2022年06月28日 21:20 掲載
次世代技術 メルセデス・ベンツ、1回の充電で1200km以上走行可能なEVを開発。「ビジョンEQXX」の驚異的性能とは?
ビジョンEQXXが目指すもの
メルセデス・ベンツ ビジョンEQXX|Mercedes Benz VISION EQXX
メルセデス・ベンツは「ビジョンEQXX」という名のプロトタイプEVを開発し、電気自動車の新たな記録を次々と樹立している。まず、今年4月にメルセデス・ベンツのドイツ・ジゲルフィンゲン工場から南仏カシスまでの約1000kmを途中で充電することなく走行。しかも、このときはフィニッシュしてもまだ140kmの走行が可能な状態だったという。

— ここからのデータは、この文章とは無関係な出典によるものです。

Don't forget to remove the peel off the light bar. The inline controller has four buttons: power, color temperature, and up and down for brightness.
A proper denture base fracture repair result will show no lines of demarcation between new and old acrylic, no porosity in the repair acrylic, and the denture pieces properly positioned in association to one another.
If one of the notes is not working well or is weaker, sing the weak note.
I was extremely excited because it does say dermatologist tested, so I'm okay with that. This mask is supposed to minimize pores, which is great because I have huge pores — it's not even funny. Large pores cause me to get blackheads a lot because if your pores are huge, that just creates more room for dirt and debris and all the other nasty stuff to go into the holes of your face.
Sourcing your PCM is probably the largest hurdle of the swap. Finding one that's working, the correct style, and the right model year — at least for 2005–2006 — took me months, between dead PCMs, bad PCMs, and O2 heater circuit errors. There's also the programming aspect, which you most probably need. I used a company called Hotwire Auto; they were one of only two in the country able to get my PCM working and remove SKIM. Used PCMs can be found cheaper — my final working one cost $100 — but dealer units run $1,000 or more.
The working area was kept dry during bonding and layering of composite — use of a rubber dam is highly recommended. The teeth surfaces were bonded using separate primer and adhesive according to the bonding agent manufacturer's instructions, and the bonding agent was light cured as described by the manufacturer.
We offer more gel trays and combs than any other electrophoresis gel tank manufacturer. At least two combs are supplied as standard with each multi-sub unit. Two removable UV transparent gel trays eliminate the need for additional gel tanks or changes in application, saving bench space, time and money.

続いて去る6月に行なったテストでは、ドイツ・シュトゥッツガルトから再びフランス・カシスを経由。そこからイギリスへと足を延ばし、F1グランプリが開催されるシルヴァーストーン・サーキットでバッテリーの電力を使い果たすまでを周回し、総計1202kmを走りきったのである。

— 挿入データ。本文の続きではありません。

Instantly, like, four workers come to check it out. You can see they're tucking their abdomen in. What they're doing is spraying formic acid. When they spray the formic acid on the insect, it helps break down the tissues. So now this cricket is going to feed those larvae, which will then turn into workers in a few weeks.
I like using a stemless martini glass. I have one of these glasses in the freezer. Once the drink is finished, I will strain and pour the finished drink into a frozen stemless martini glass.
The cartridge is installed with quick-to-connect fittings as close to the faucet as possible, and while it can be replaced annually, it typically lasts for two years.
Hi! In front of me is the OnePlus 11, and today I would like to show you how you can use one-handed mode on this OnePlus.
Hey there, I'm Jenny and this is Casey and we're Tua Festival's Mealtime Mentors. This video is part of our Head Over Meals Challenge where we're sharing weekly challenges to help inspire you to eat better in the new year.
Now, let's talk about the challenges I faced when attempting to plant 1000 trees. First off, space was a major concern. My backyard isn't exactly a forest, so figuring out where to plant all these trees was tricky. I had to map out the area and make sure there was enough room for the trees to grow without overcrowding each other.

これでおわかりのとおり、EQXXは1回の充電で走行できる航続距離が驚くほど長い。なにしろ、100kWh前後の大容量バッテリーを積んだ最新EVの航続距離は600kmほど。メルセデスでもっとも航続距離の長いEQSでさえ最長780kmなのだ。
では、EQXXとはどのようなモデルなのか?
はじめに申し上げておくと、EQXXは特別な高級車でもなければ航続距離だけに特化したレーシングカーのようなクルマでもない。ビジョンEQXXの開発を指揮したメルセデス・ベンツのマーカス・シェーファーは、その位置づけを次のように説明する。
「EQXXで開発した技術は、2024年ないし2025年にデビューするコンパクトサイズのEVに用いられることになります。その際の価格も、同じ時期に発売されるコンパクトサイズのメルセデス・ベンツと同程度になります」
ちなみに、メルセデスのモデル名で最初に"ビジョン"とつくのはコンセプトカーを意味していて、発表から2〜3年で"ビジョン"のないモデル名に改められて量産されることが多い。ただし、EQXXはひとつのモデルとして発売されるのではなく、将来的なコンパクトEVに用いられるテクノロジー全般を開発するためのコンセプトカーと目されている。